_Assignment_
Copy out exactly, and only, the lines from the one containing "2008 Dodge Grand" through the end of the entries. No pictures.
═════ Exercise material ═════
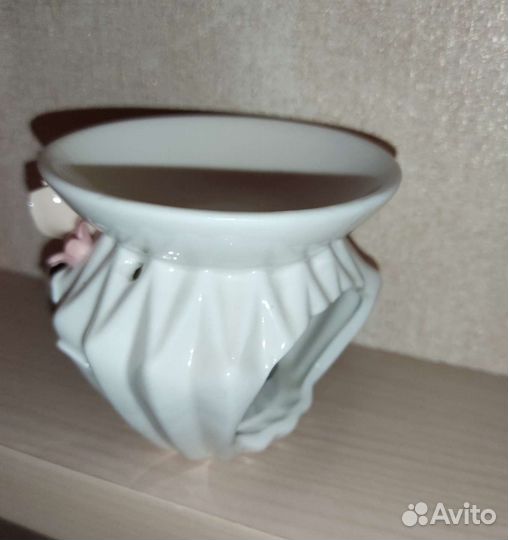 Аромалампа керамическая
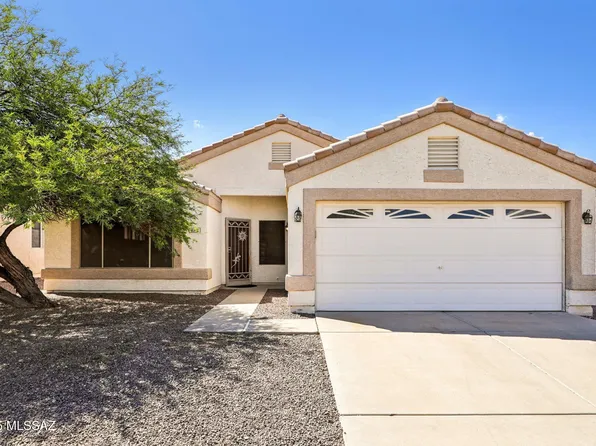 8342 S Via De Ronaldo, Tucson, AZ 85747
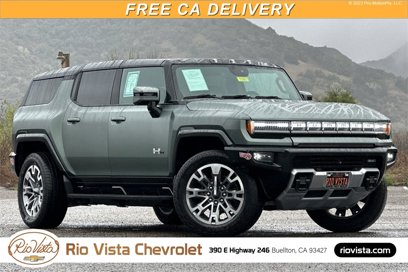 Used 2024 GMC Hummer EV 3X w/ LPO, Cargo Utility Package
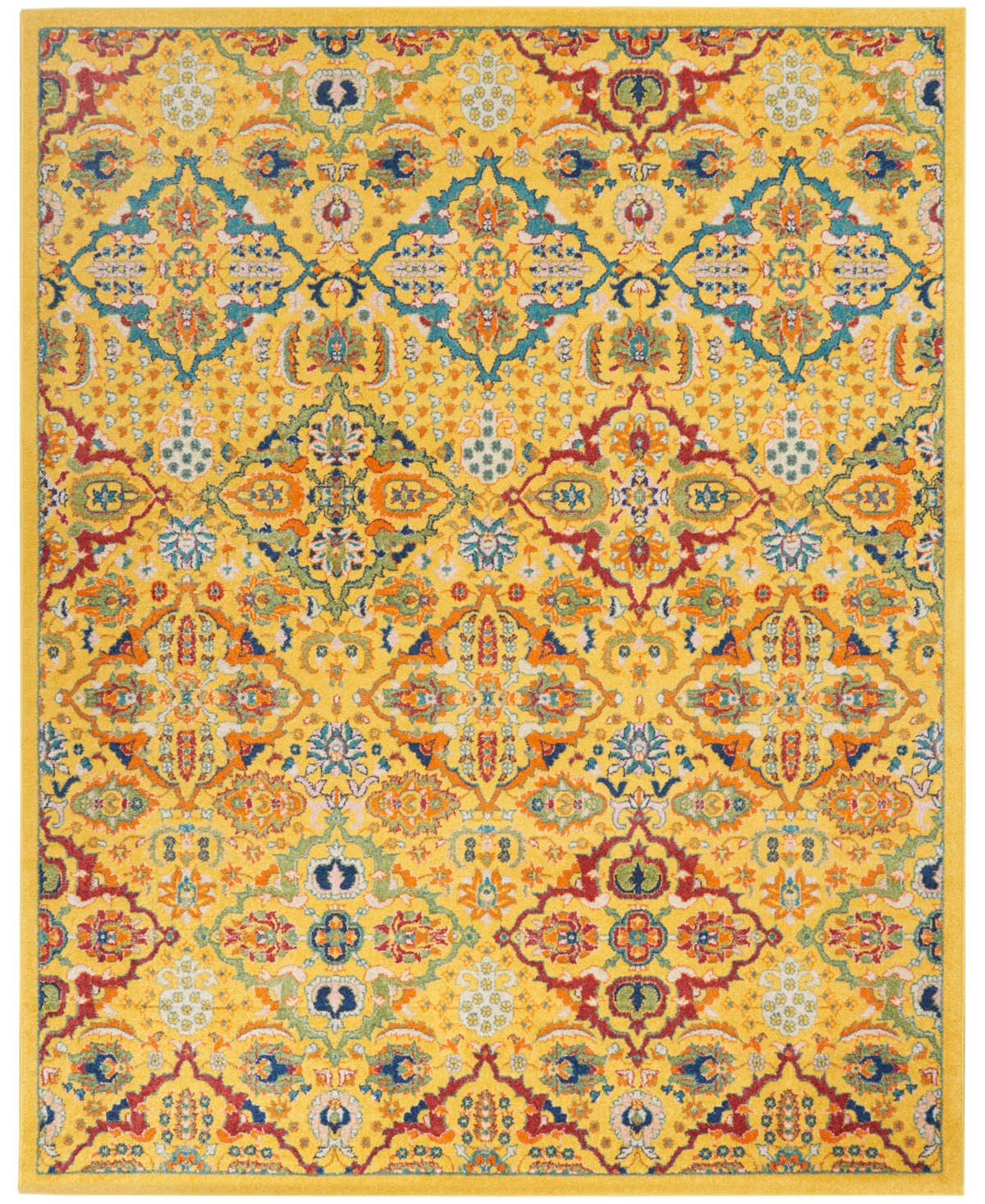 Nourison Home Allur ALR03 Area Rug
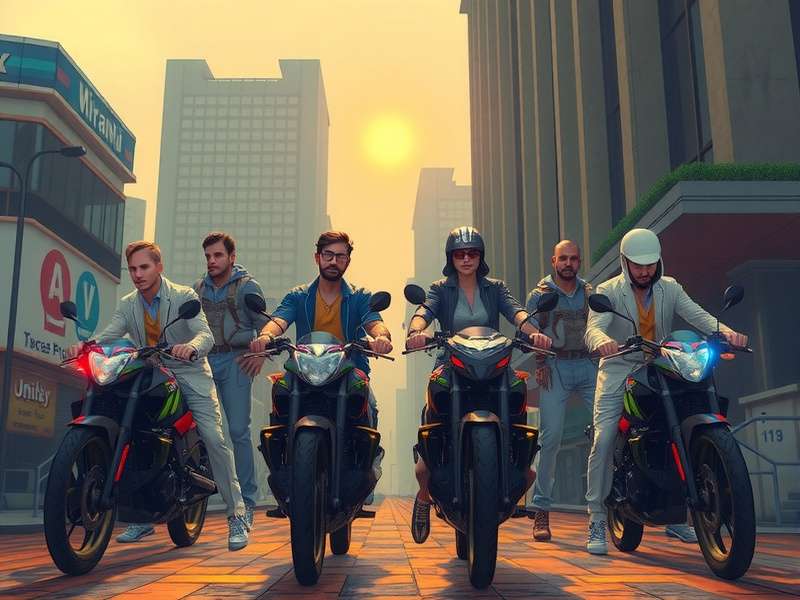 Haryanvi Coop Avenger 9 Development Team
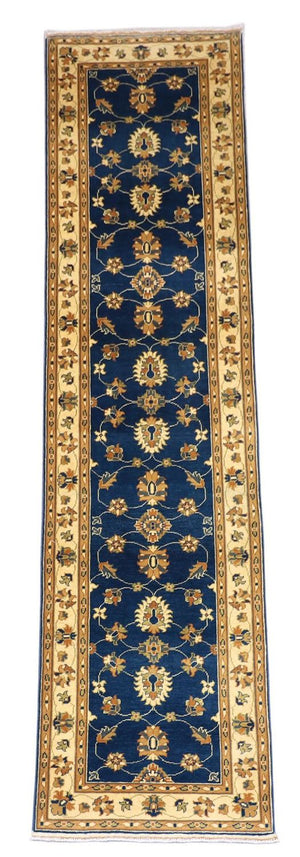 Tapis de couloir Tapis Ziegler - 315 x 78 cm - rouge foncé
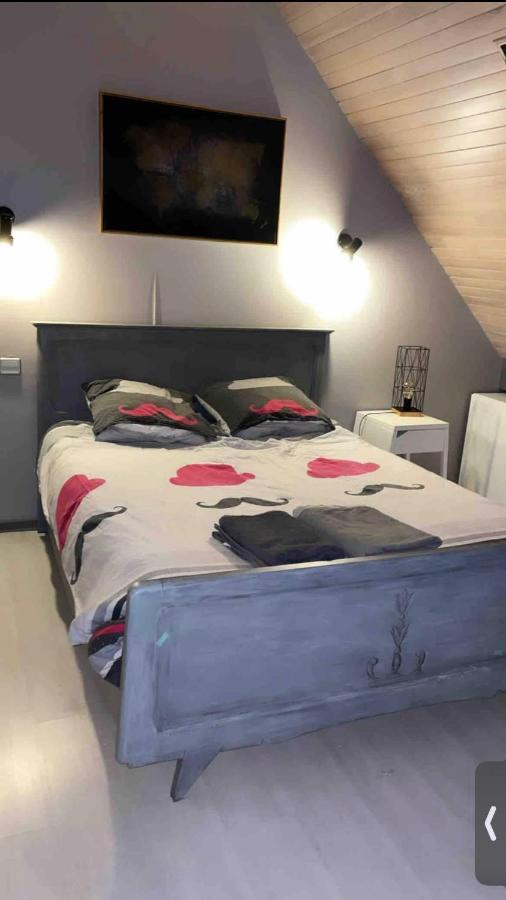 Chambre Privee Au Coeur Des Pyrenees Люс-Сен-Совёр Экстерьер фото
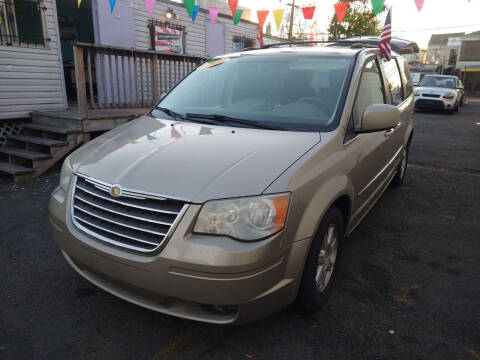 2008 Dodge Grand Caravan for sale at North Jersey Auto Group Inc. in Newark NJ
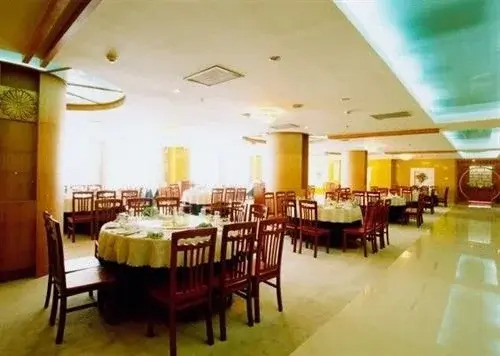 Canaan Hotel Xian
═════
_Result_
 2008 Dodge Grand Caravan for sale at North Jersey Auto Group Inc. in Newark NJ
 Canaan Hotel Xian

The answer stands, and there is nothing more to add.